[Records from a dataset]
□ □ □ □ □ □ □

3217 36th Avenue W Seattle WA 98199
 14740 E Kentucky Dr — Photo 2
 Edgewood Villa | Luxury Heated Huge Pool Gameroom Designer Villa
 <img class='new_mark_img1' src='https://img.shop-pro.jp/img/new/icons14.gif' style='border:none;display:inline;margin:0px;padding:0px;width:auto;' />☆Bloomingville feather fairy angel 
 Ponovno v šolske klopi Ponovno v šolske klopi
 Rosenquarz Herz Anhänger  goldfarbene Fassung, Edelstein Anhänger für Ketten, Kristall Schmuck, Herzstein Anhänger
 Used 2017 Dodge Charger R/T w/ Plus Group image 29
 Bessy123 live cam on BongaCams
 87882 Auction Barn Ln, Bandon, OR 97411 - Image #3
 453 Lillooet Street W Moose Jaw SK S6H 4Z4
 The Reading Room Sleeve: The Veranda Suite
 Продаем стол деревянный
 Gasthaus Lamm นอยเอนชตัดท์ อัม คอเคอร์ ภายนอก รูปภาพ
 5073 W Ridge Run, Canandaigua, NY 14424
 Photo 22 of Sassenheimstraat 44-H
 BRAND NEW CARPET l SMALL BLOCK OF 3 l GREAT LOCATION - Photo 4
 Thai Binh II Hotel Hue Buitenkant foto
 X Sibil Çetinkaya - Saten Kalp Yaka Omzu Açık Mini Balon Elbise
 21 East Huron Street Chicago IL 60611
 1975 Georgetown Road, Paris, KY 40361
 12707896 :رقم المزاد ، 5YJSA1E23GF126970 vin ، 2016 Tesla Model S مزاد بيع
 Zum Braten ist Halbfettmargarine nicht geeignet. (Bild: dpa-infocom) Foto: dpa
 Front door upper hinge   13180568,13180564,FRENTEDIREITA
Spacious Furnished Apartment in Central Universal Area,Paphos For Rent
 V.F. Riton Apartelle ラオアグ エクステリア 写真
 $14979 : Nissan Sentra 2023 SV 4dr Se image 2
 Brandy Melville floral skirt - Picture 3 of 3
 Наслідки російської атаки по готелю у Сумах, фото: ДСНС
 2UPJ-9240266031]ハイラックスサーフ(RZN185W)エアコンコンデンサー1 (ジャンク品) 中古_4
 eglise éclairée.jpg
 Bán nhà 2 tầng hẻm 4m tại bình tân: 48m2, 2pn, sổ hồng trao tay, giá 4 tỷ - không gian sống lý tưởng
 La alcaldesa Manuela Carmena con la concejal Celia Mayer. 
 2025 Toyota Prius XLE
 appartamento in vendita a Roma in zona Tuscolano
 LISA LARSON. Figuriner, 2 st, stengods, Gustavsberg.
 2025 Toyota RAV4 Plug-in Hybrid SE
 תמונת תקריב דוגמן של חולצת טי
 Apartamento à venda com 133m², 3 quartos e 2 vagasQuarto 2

□ □ □ □ □ □ □

▶ **WORK TO COMPLETE**: Would you output, from the records above, exactly the run of lines that starts at the line containing "Thai Binh II Hotel Hue Buitenkant foto" and ends at the line containing "12707896 :رقم المزاد", and only that run?

▶ **WRITTEN RESPONSE**:
 Thai Binh II Hotel Hue Buitenkant foto
 X Sibil Çetinkaya - Saten Kalp Yaka Omzu Açık Mini Balon Elbise
 21 East Huron Street Chicago IL 60611
 1975 Georgetown Road, Paris, KY 40361
 12707896 :رقم المزاد ، 5YJSA1E23GF126970 vin ، 2016 Tesla Model S مزاد بيع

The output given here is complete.